• Your instructions: The pictures stay out; all of the data is to be printed exactly.

• Data supplied:

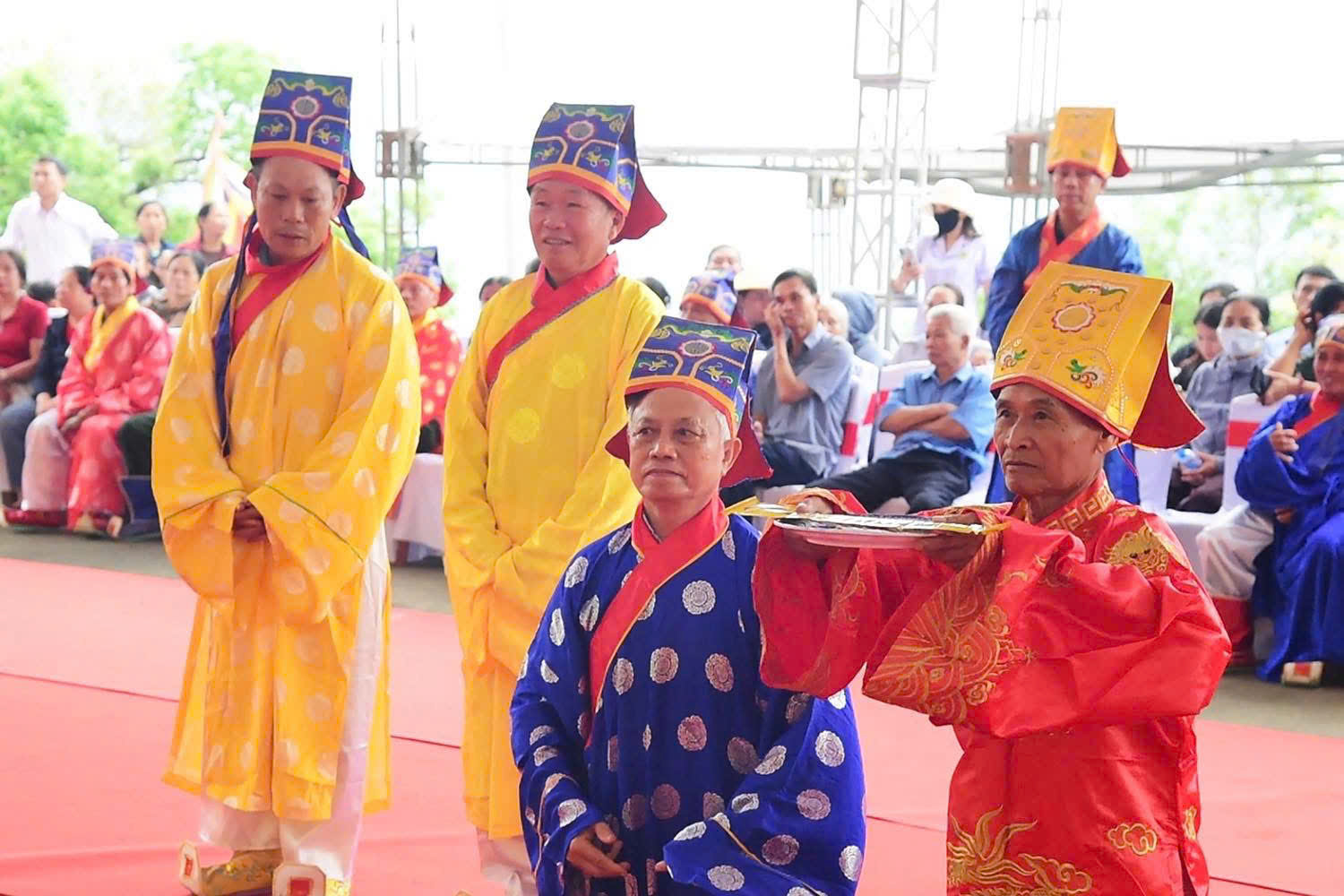 Linh thiêng Lễ tế dân gian Đức thủy Tổ kinh Dương Vương và các vua Hùng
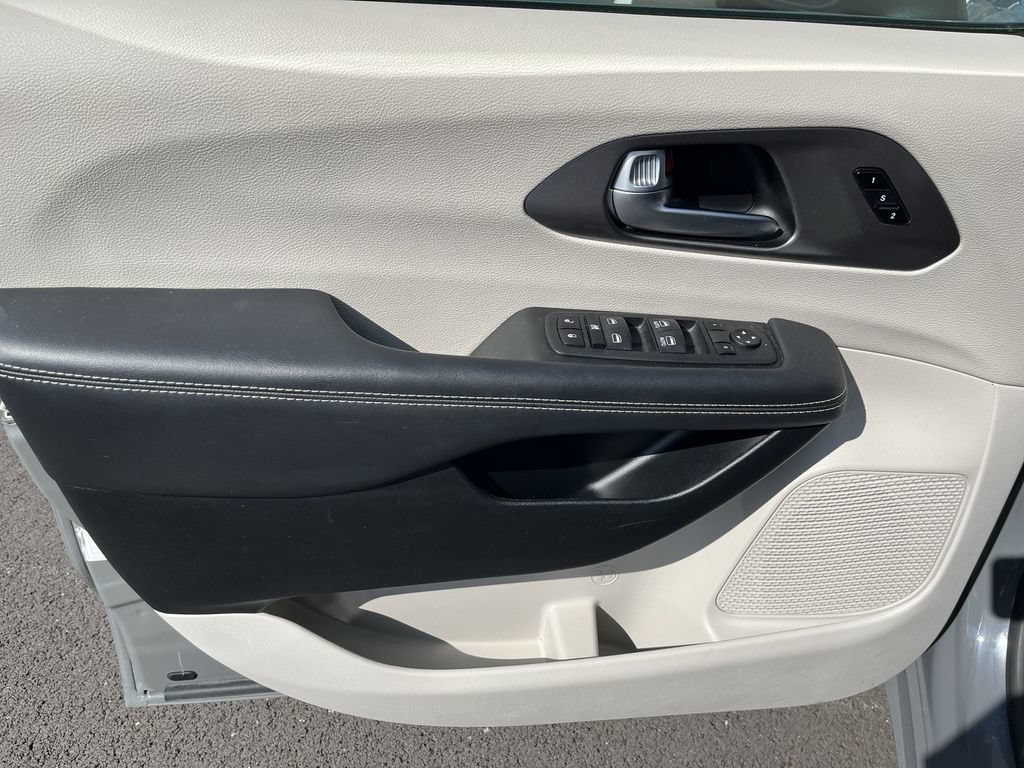 Used 2023 Chrysler Pacifica Touring-L FWD image 13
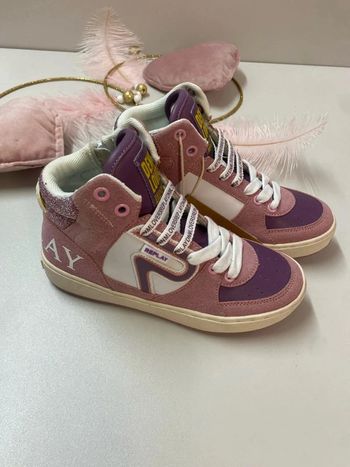 Basket montante fille (neuf) - Taille 31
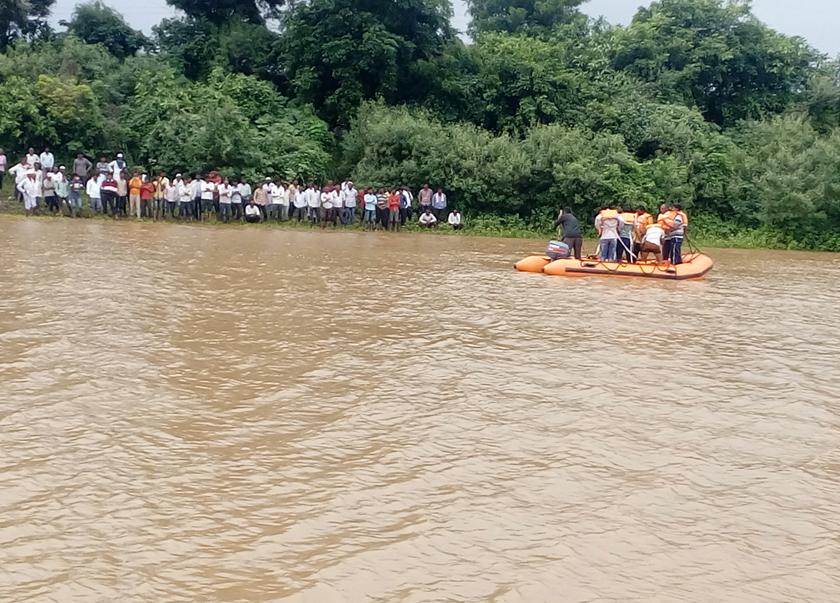 One person missing in the river Purna | पूर्णा नदीच्या पुरात एक जण वाहून गेला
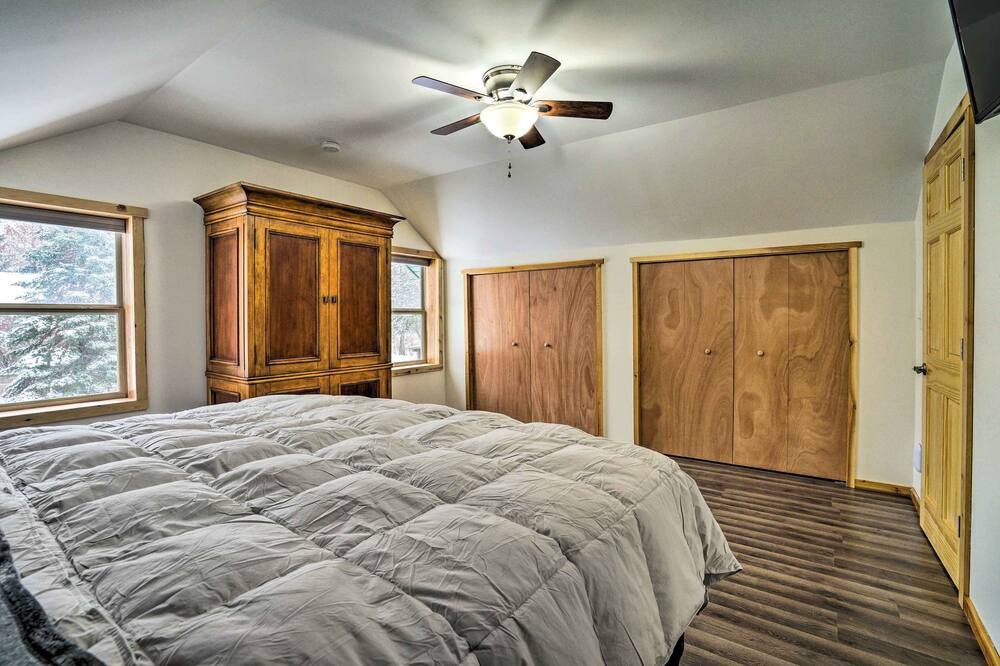 Photo of Bedroom in Lindstrom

• Answer to the problem:
 Linh thiêng Lễ tế dân gian Đức thủy Tổ kinh Dương Vương và các vua Hùng
 Used 2023 Chrysler Pacifica Touring-L FWD image 13
 Basket montante fille (neuf) - Taille 31
 One person missing in the river Purna | पूर्णा नदीच्या पुरात एक जण वाहून गेला
 Photo of Bedroom in Lindstrom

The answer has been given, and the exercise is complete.